** Recorded information follows **
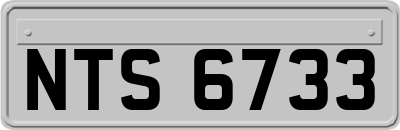NTS6733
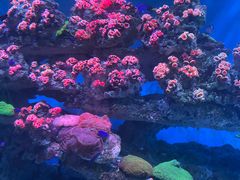 -海合安青岛极地海洋公园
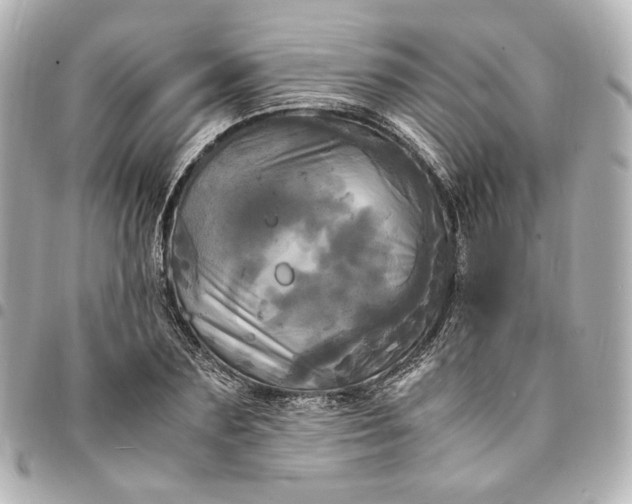 X0000095520883200712281458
** End of Recorded information **
* _Exercise_
Return all of the material precisely as written. No picture belongs in it.

* _Solution below_
NTS6733
 -海合安青岛极地海洋公园
 X0000095520883200712281458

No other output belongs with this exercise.